First, I know I talk a lot randomly about the idea of a “fleet in being.” I mention it casually in wargames and such. It’s a naval concept with a rich and complex history.

A ship could, and in many cases was, built to remain safe in harbor. Its existence and the possibility of its use, without actually using it, was a valid military strategy.

It evolved to rely heavily on the concept of “defeat in detail,” which, abstracted heavily, basically means “hold your assets in safety and only engage under favorable conditions.” (Military planners talk more about it in terms of proximity, support, etc…, but in abstraction it’s a great general concept).

But the idea of a “ship built for harbor” was more or less valid depending on technological advances over the centuries.

Early ships were lost to the Ocean moreso than enemy ships, so any use of a ship was a risk, but having ships was a powerful deterrent.

Harbors became less safe when things like fire ships or sabotage were developed to remove or reduce that safety.

In the Napoleonic Wars the risk of a concentrated French force being able to strike forth required a massive English undertaking to be ready for such an event, causing a deep asymmetry in naval spending.

But, as the wars dragged on, the realities of disease and society overall meant that a fleet in harbor was not actually that safe.

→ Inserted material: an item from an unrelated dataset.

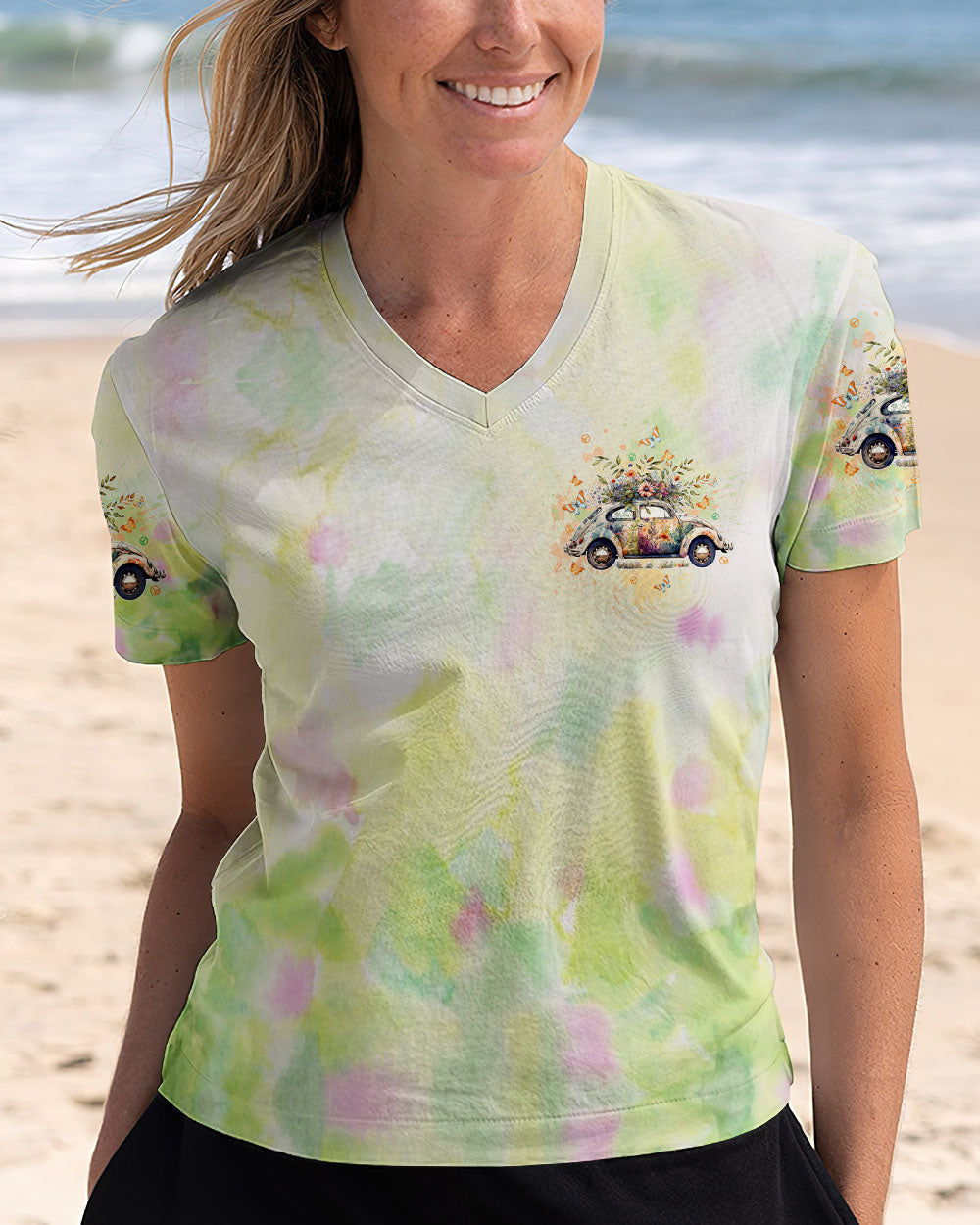 Older Now Still Runnin Against the Wind Floral VW Hippie Car Design AOP Shirts _11_ Yn3Fj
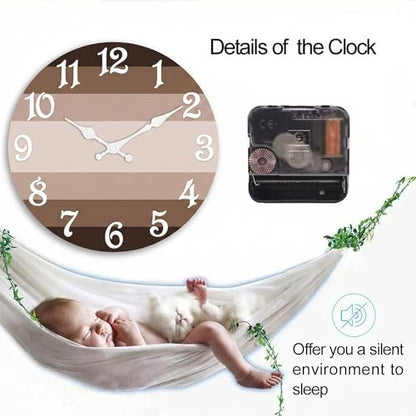 ArtSocket Round Wall Clock Silent Non-Ticking 8", Striped Brown - color: Rustic Farmhouse Coastal, size: 8in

There was a natural attrition rate of just existing at all. This implied that being at sea or taking a risk could indeed have been more valuable later in the war than the maintenance of the threat to do so.

The concept probably should have ended with the Battle of Taranto, which spurred Italy to actually use its remaining fleet. Air power changed the dynamic.

But outside of naval aviation, there are still areas where something is built to never be used, and it makes sense to do so.

Nukes? :crossed_fingers:

The cities of Hiroshima and Nagasaki would like a word with you.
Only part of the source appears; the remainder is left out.